Which might seem like an odd argument, except, of course, in America AM and FM radio stations don’t pay royalties to labels on any of the sound recordings they play, whether those tracks are protected by federal or state law.

But labels, artists and SoundExchange itself have argued that there is an obligation for online and satellite services to pay royalties when they play older recordings, mainly because there is a ‘public performance’ element to the sound recording copyright in state law, even though state laws are generally vague on the matter, and labels have never previously exploited any public performance right in the US under those state regulations.

Leading the charge here are Flo & Eddie, two members of 1960s band The Turtles. And last year they scored a win in the Californian courts against satellite radio service Sirius, prompting them to sue Pandora on the same arguments.

And it’s in that domain that there was an important development this week. Pandora quickly tried to have the Flo & Eddie lawsuit dismissed by filing what’s known as an anti-SLAPP motion. Anti-SLAPPs are used when a defendant believes they are being targeted with litigation to force their hand or to censor them in some way. The Anti-SLAPPer is usually accusing the litigant of having no desire to see the lawsuit get to court, rather they hope the pressure of litigation will help them get their way.

It always seemed like an ambitious move on Pandora’s part, which said that Flo & Eddie’s attempts to stop them playing the duo’s music was an attack on the firm’s free speech rights. And the judge hearing the case, Philip S Gutierrez, who also ruled on the Sirius legal action, this week knocked the claim back. He said that Flo & Eddie’s lawsuit contained arguments that were “meritorious enough to withstand the anti-SLAPP motion”.

Pandora, however, will appeal. Which will force the matter to another court, which might have been the digital firm’s plan all along, given that it¬†knows what Gutierrez’s opinions are on this matter as a result of the Sirius litigation, and might be hoping for a more friendly judge in another courtroom.

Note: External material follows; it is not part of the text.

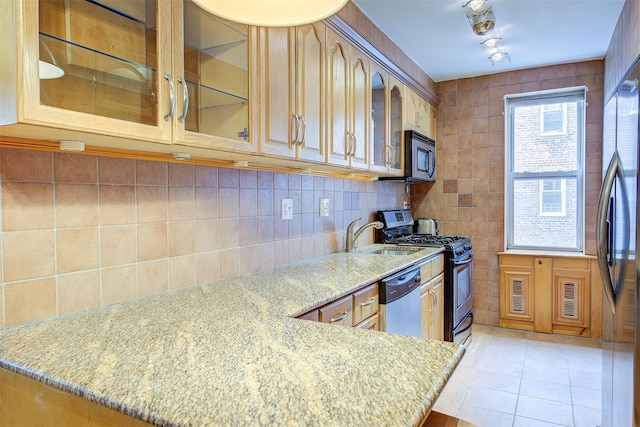 kitchen featuring a peninsula, a sink, appliances with stainless steel finishes, light stone countertops, and glass insert cabinets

There are, of course, multiple lawsuits rumbling on regarding this issue, and in multiple states. The US Copyright Office recently said that it thinks federal copyright law should just be applied to pre-1972 recordings to overcome all these ambiguities. And despite fighting the pre-1972 litigation at a state level, Pandora has indicated it might support that move, providing any new restrictions were applied across the board.